Macrophages elicited with heat-killed bacillus Calmette-Guerin protect C57BL/6J mice against a syngeneic melanoma

Victoria H. Freedman, T. A. Calvelli, S. Silagi, S. C. Silverstein

Research output: Contribution to journalArticle

26 Citations (Scopus)

Abstract

We have demonstrated that a murine cytotoxic peritoneal cell can be elicited by intraperitoneal immunization with heat-killed Mycobacterium bovis, strain Bacillus Calmette-Guerin (BCG). When these cells are injected together with cells of clone B559 of B16 melanoma in a Winn-type transfer assay into syngeneic C57BL/6J mice, the tumorigenic potential of the melanoma is completely abrogated. Similarly, mice immunized intraperitoneally with dead BCG are protected against intraperitoneal challenge with a number of B16 melanoma cells sufficient to cause tumors in 100% of control mice. However, mice immunized intraperitoneally with dead BCG are not protected against tumor formation when B16 melanoma cells are injected subcutaneously.

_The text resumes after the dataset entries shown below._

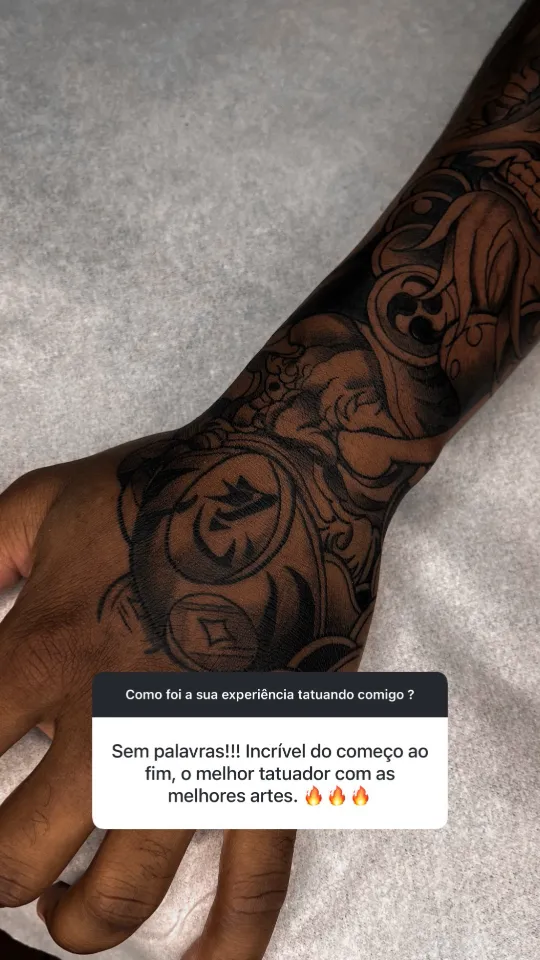 Tatuagem oriental em preto na mão e no punho. Depoimento: “Sem palavras!!! Incrível do começo ao fim, o melhor tatuador com as melhores artes.”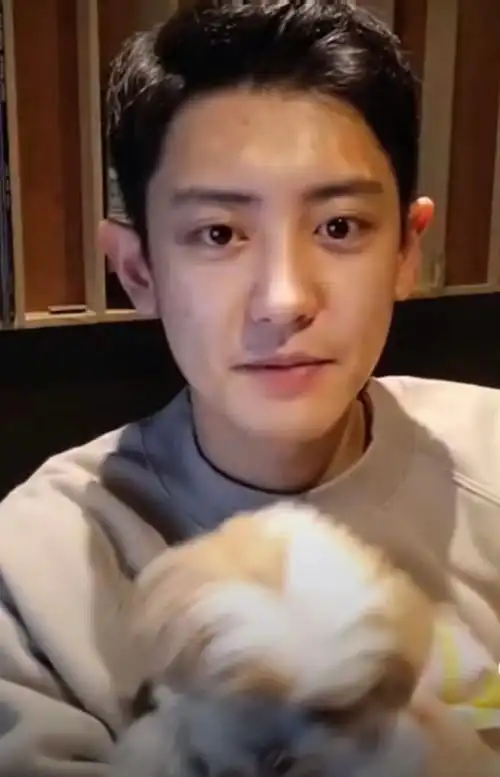 朴灿烈退伍首直播,大眼睛帅哥 ,状态超级好的!__财经头条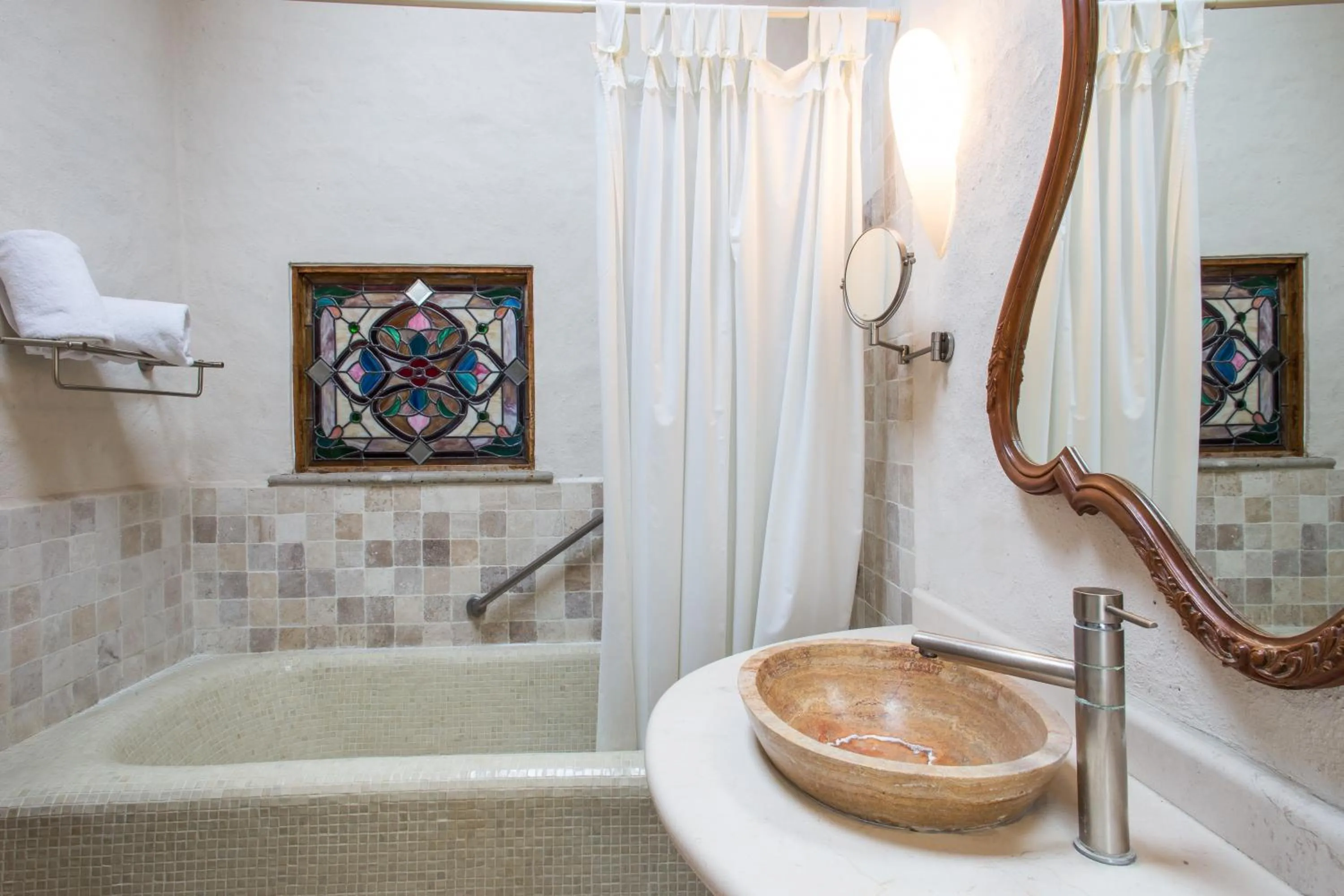Bathroom in Hacienda San Gabriel de las Palmas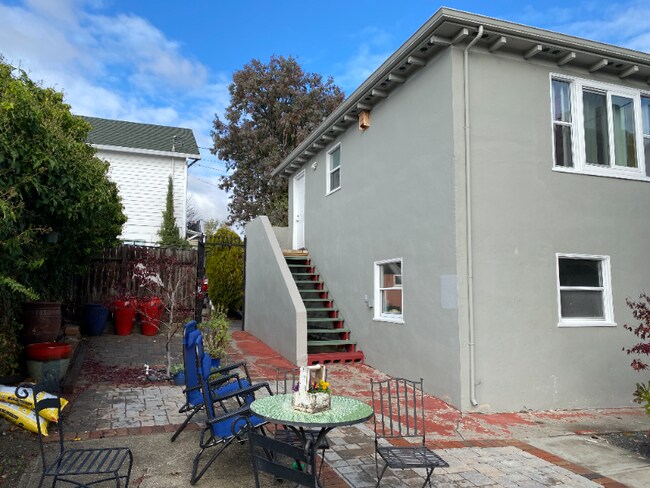 Building Photo - 203 Howard St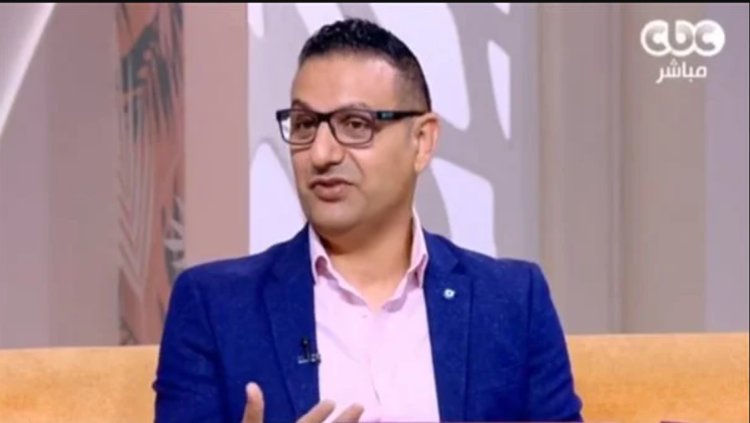 حمادة بركات يكشف سبب إخفاء إقامته في أمريكا.. ويتحدث عن أسرته وبداياته الفنية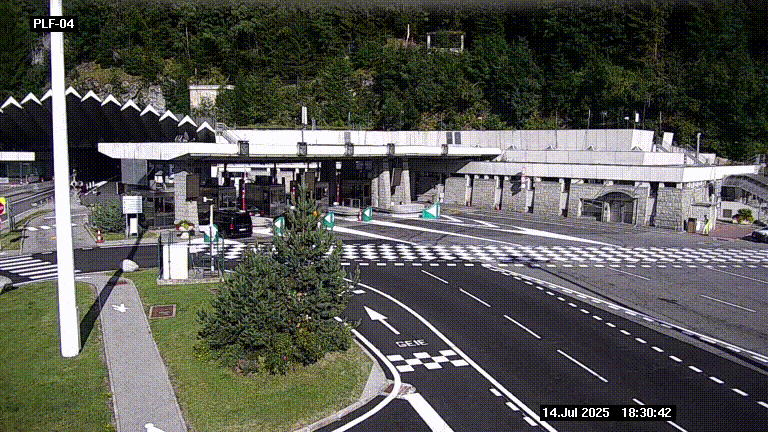 <h2>Webcam au péage du tunnel du Mont-Blanc, côté entrée France à Chamonix, au bout de l'A40</h2>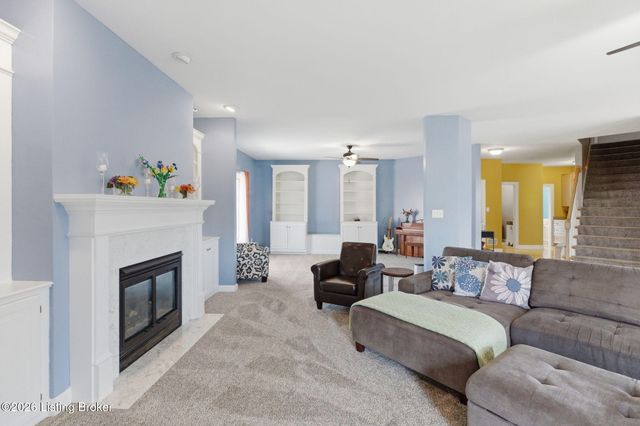7915 Hall Farm Dr, Louisville, KY 40291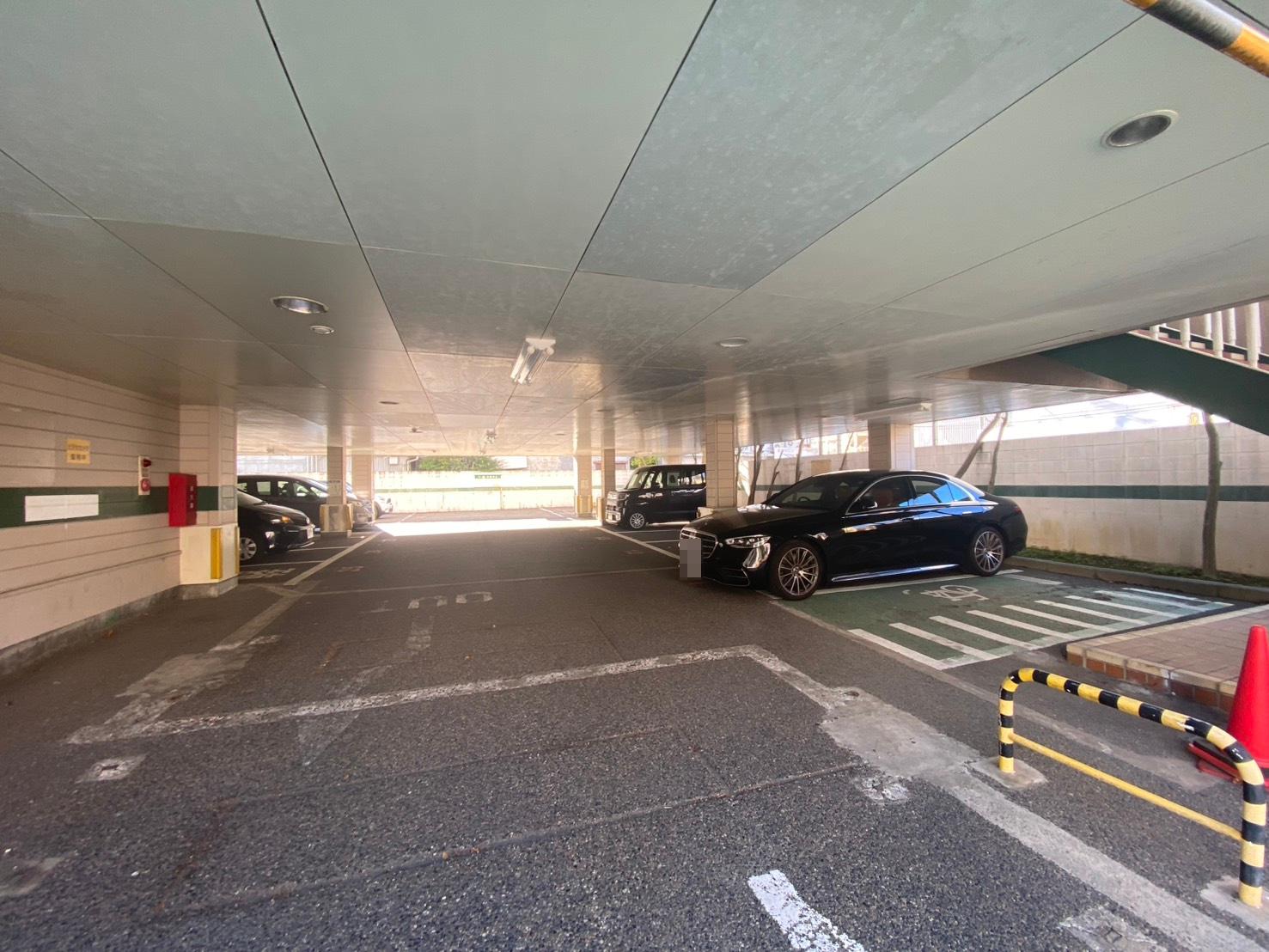 ダブルパーク西堀通5テナント跡の外観・駐車場イメージ2枚目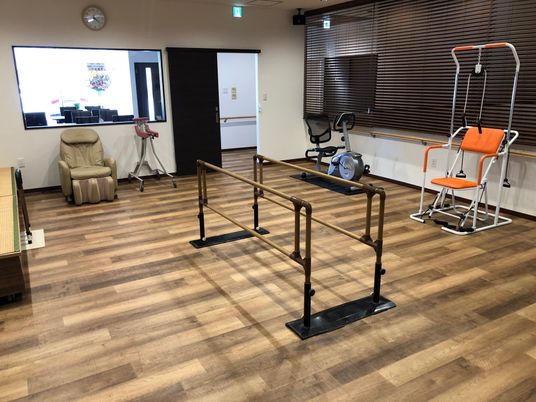 訓練用の機器が並ぶ部屋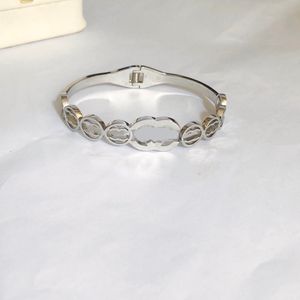 Bracelet plaqué argent sans décoloration, style classique, bracelet de mariage, créateur de bijoux de noël, cadeau d'anniversaire, d'amour, bijoux de haute qualité, vente en gros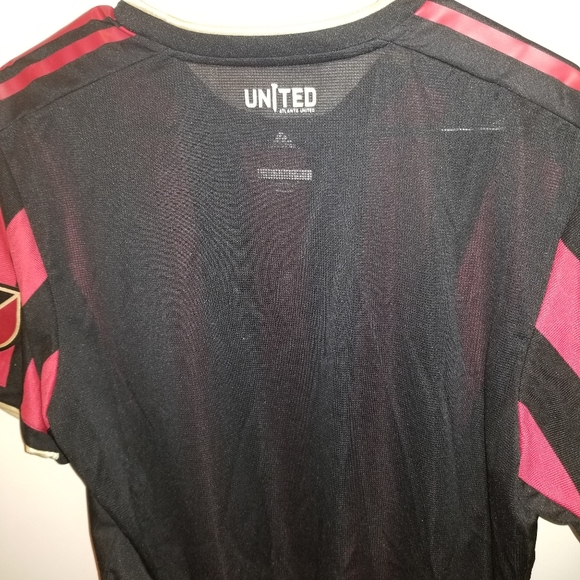 Authentic Atlanta United jersey - Picture 5 of 5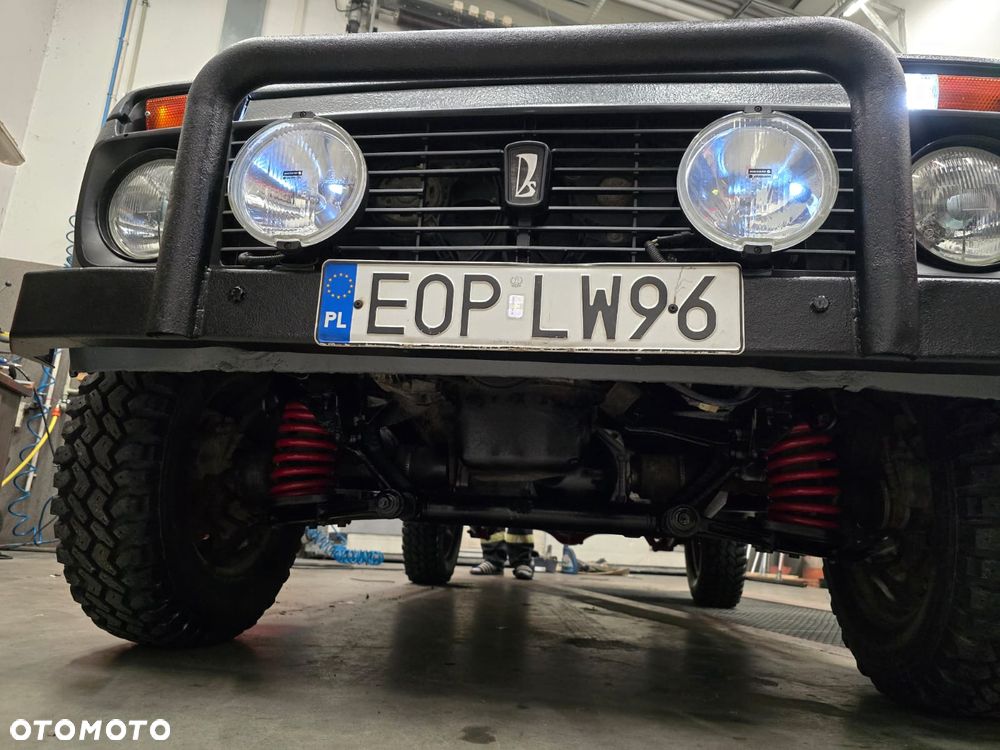 Lada Niva - 28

Co-injection of BCG-elicited peritoneal cells with B16 melanoma cells into nude or sublethally irradiated (650 rad) mice inhibits tumor formation in >85% of the mice, indicating that additional participation of host bone marrow- or thymus-derived leukocytes is not required to eradicate the tumor implant. The effector cell in the BCG-induced peritoneal exudate is adherent and phagocytic and is a mononuclear phagocyte. Nonadherent lymphoid cells from the same BCG-induced peritoneal exudate and from thioglycollate-broth-elicited granulocytes and macrophages neither prevent nor delay B16 tumor formation.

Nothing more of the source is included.